In a June 11 decision, the Georgia Court of Appeals reversed a trial court’s judgment in favor of an auto insurer that sought to deny uninsured motorist coverage to an insured accident victim. The appeals court addressed the conditions by which an insurer may apply a “named driver exclusion” clause. The trial court said such a clause could be enforced in this case, but the appeals court disagreed.

Roberson v. 21st Century National Insurance Company

The case arose from a 2009 automobile accident. The plaintiff was driving his police cruiser in Macon when another vehicle struck him. The plaintiff filed a personal injury lawsuit against the driver and owner of the other vehicle. He also served his wife’s insurance company because she had a personal automobile policy that included uninsured motorist coverage.

The insurance company objected on the grounds the policy included a “Named Driver Exclusion Endorsement” that identified the plaintiff as an “excluded driver.” The insurance company argued this absolved it of any liability for providing uninsured motorist coverage. The trial court agreed and granted the insurance company’s motion for summary judgment.

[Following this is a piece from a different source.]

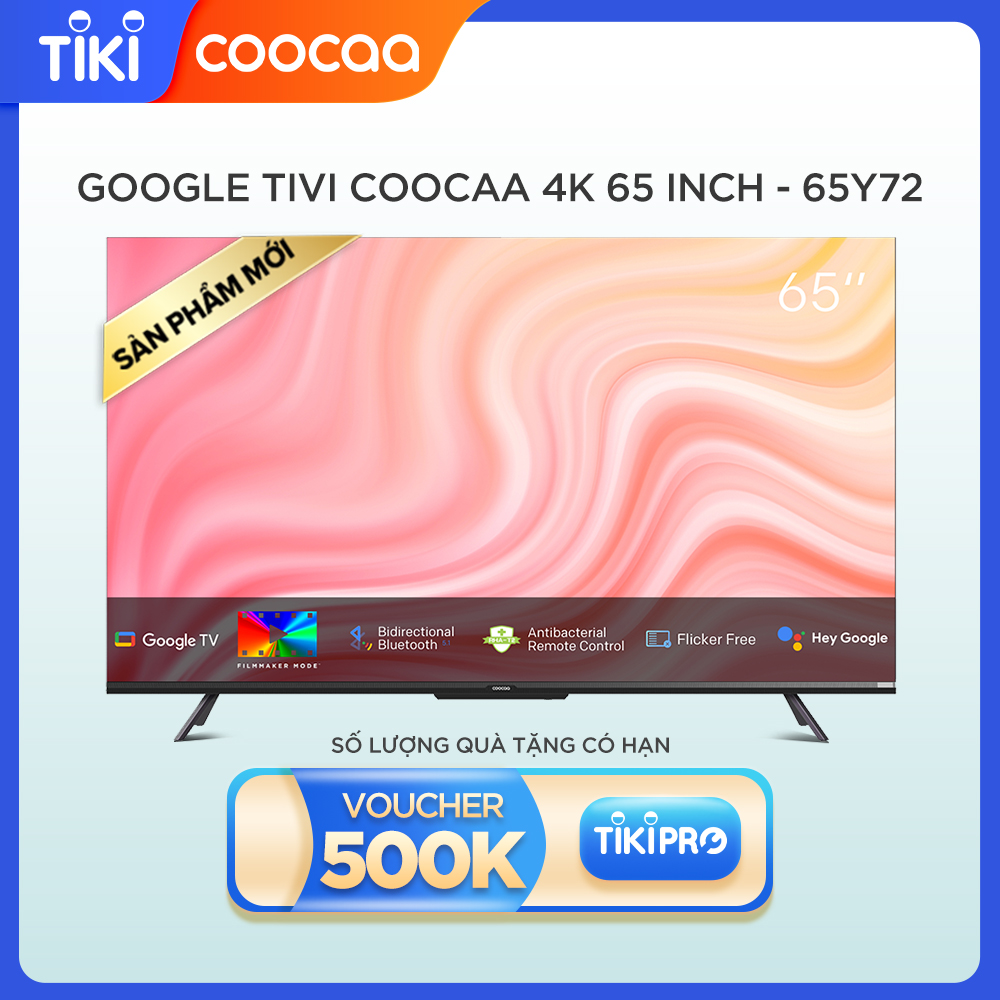 Google Tivi Coocaa 4K 65 Inch - Model 65Y72 - Hàng Chính Hãng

The plaintiff appealed. A three-judge panel of the Court of Appeals reversed the grant of summary judgment. Presiding Judge Gary Blaylock Andrews, writing for the panel, said the Named Driver Exclusion Endorsement did not comply with Georgia law governing uninsured motorist coverage. The law requires such coverage unless the insured expressly rejects it in writing. In this case, Judge Andrews said, the policy did not contain such a rejection of coverage for the plaintiff. The endorsement only spoke in general terms and referred to the plaintiff’s wife as the policyholder. Georgia law requires a more specific and unambiguous rejection of uninsured motorist coverage.

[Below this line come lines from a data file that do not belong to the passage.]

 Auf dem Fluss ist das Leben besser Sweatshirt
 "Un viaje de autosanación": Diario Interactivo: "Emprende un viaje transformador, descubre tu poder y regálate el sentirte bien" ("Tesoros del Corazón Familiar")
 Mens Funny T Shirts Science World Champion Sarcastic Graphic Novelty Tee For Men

This does not mean driver exclusions are never enforceable in Georgia. Judge Andrews noted the Court of Appeals previously upheld such an exclusion in cases where the insured and the excluded driver both signed express rejections of coverage. The key is that there must be a written rejection of uninsured motorist coverage. The insurance company cannot simply slip in language that purports to broadly reject such coverage.

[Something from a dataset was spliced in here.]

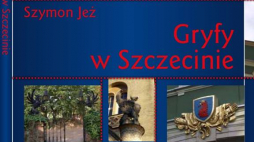 „Gryfy w Szczecinie”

Insurance is a type of contract, of course, and here the insurance company argued the exclusion should be enforced as simply part of that contract. Again, Judge Andrews explained that Georgia law imposes a specific duty on insurance companies that may only be waived under very specific circumstances. “The flaw comes not from what [the plaintiff’s wife] bargained for, but from the fact that the policy purports to provide the coverage she bargained for without including a written rejection as required by” Georgia statute.